Pakistan banned access to YouTube in September 2012, after an anti-Islam film ‘Innocence of Muslims’ was uploaded to the site, sparking violent protests across major cities in the Muslim-majority country of 190 million people.
“We’re glad that YouTube is now accessible in Pakistan so viewers can watch and share videos, as well as take advantage of the vibrant and growing global online video community,” a YouTube spokesperson said in a statement.
Under the new version of YouTube, the Pakistan Telecommunication Authority (PTA) can ask for access to offending material to be blocked, the Ministry of Information Technology and Telecom said in a statement.
“On the recommendation of PTA, the government of Pakistan has allowed access to the recently launched country version of YouTube for internet users in Pakistan,” the ministry said.
The government could ask Google to block access to offending material for users within the country and the ministry said Google and YouTube would “accordingly restrict access” for Pakistani users.
Google, however, said that it would not automatically remove material without conducting a review, and that the vetting process was the same as in other jurisdictions with local YouTube versions. Government requests to remove content would be publicly reported, it added.

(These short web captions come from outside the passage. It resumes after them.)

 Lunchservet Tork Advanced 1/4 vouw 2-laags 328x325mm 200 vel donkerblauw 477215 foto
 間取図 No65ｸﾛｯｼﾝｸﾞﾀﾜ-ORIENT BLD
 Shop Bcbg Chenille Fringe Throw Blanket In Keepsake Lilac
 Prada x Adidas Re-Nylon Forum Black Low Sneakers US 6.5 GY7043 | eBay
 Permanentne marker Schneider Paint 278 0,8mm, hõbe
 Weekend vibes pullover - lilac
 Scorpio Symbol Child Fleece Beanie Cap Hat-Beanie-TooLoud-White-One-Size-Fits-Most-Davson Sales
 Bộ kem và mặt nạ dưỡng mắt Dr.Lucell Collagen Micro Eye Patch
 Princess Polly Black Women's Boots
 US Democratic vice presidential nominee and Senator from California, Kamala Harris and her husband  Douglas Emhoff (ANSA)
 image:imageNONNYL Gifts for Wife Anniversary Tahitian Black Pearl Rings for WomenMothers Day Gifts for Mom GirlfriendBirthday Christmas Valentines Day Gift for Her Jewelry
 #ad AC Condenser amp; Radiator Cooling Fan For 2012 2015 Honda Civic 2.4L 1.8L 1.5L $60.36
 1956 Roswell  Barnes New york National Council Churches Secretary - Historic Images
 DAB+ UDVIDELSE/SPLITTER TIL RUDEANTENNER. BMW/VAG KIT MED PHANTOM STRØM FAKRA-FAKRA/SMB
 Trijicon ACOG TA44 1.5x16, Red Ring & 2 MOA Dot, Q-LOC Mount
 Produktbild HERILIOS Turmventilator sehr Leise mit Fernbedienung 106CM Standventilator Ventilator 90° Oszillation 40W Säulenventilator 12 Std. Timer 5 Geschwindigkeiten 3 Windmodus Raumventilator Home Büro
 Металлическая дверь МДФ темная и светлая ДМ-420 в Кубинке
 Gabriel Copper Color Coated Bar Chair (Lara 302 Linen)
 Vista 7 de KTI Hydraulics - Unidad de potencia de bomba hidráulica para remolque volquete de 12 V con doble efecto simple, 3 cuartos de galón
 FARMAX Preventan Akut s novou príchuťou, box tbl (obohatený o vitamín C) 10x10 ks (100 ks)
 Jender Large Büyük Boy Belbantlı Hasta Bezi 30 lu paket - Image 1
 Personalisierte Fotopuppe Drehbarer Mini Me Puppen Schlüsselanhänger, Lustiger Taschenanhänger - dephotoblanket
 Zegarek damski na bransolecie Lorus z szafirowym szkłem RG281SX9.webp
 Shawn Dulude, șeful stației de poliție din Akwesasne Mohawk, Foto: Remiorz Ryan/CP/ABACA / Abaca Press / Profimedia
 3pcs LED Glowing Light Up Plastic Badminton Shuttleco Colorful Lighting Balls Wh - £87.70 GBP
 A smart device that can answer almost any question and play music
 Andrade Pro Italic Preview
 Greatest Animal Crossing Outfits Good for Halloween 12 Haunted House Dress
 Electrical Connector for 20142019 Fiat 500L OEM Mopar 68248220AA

“We have clear community guidelines and, when videos violate those rules, we remove them,’ Google said in a statement.
“Where we have launched YouTube locally and we are notified that a video is illegal in that country, we may restrict access to it after a thorough review.”
Blasphemy is a highly sensitive subject in Pakistan, where angry mobs have killed many people accused of insulting Islam.
In 2010 Pakistan shut down Facebook for nearly two weeks over its hosting of allegedly blasphemous pages. Blackberry, last year was set to exit the country in responds to demands to monitor its data, but it cancelled the withdrawal after those demands were dropped. It continues to restrict thousands of online links.